How to complete this task | Please transcribe, word for word, only the lines from the one containing "An assorted group" through the last line of the records below, both included, and leave out every picture.

Crawled caption data
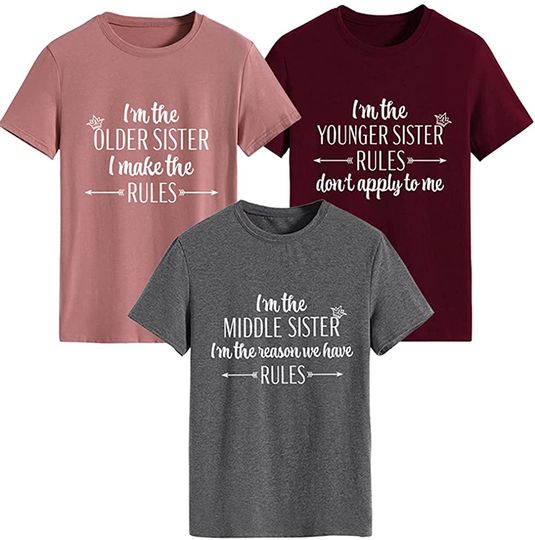 Discover Family Rules Shirt Sibling Matching Shirt Older Sister Middle TShirt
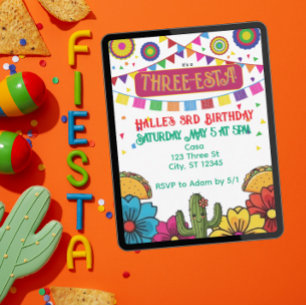 Invitación Fiesta de cumpleaños de Tres Años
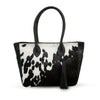 Black White Cow hide Tote Bag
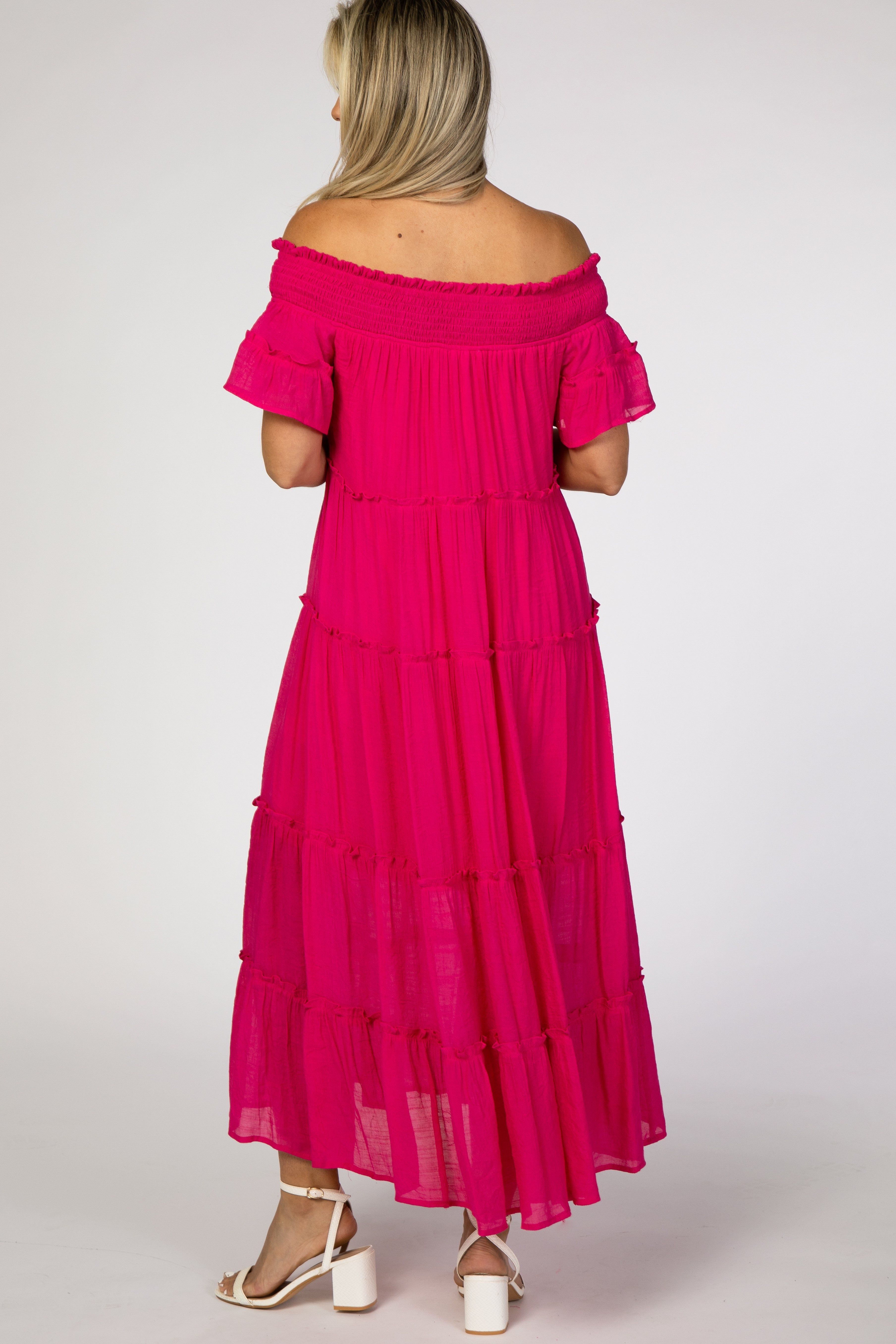 Fuchsia Off Shoulder Tiered Maternity Maxi Dress sold by Pinkblush product image thumbnail 3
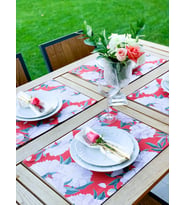 Adawall Red - White Rose Kumaş Amerikan Servis 4'lü Set - 35X50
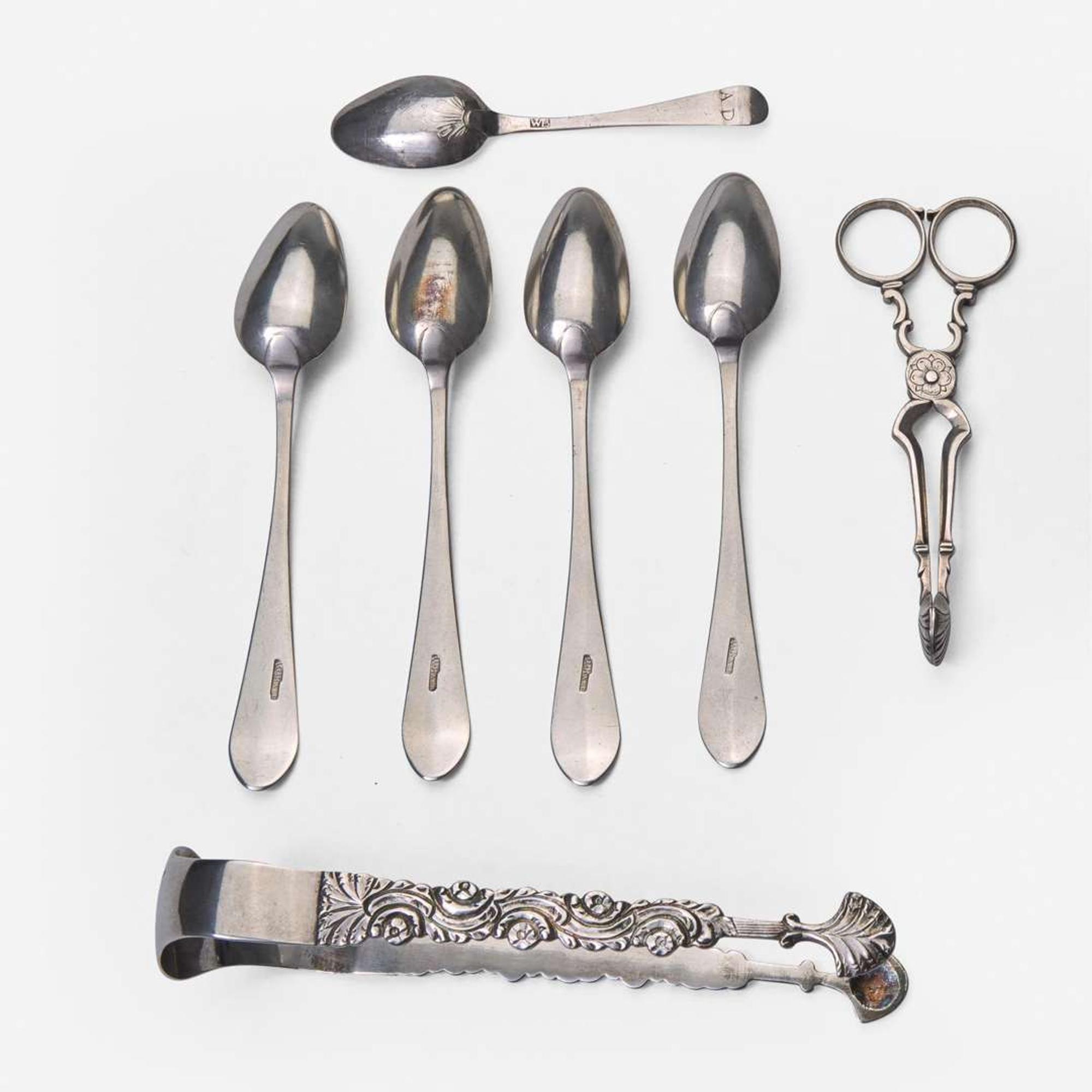 An assorted group of seven silver tablewares William Ball (1763-1815), Baltimore, MD, William Ball (1729-1810), Philadelphia, PA, and John Murdock (active 1779-1786), Philadelphia, PA, circa 1750-1760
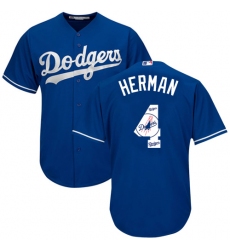 Men's Majestic Los Angeles Dodgers #4 Babe Herman Authentic Royal Blue Team Logo Fashion Cool Base MLB Jersey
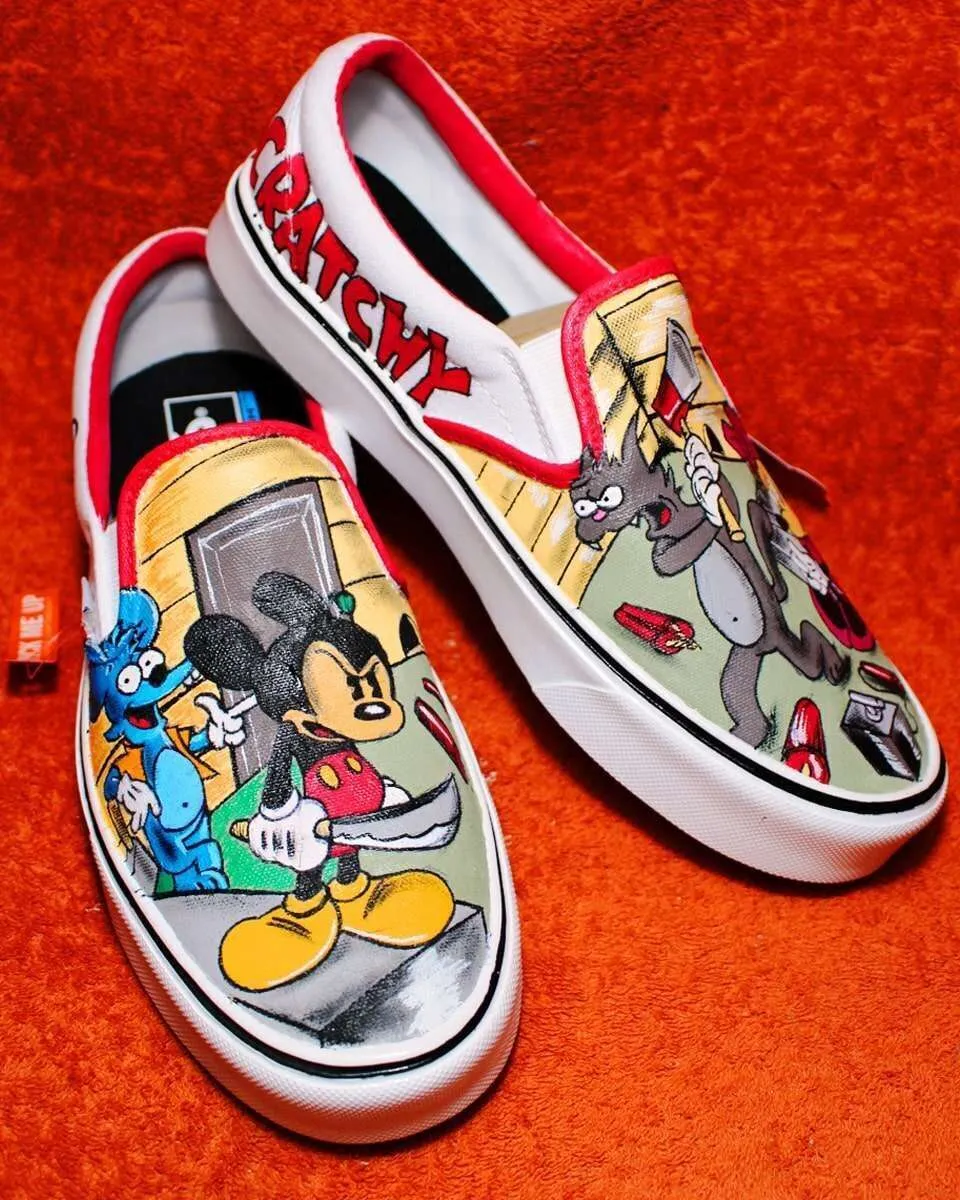 Vans Slip-On Topolino vs Grattachecca e Fichetto scarpe dipinte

Task answer |
 An assorted group of seven silver tablewares William Ball (1763-1815), Baltimore, MD, William Ball (1729-1810), Philadelphia, PA, and John Murdock (active 1779-1786), Philadelphia, PA, circa 1750-1760
 Men's Majestic Los Angeles Dodgers #4 Babe Herman Authentic Royal Blue Team Logo Fashion Cool Base MLB Jersey
 Vans Slip-On Topolino vs Grattachecca e Fichetto scarpe dipinte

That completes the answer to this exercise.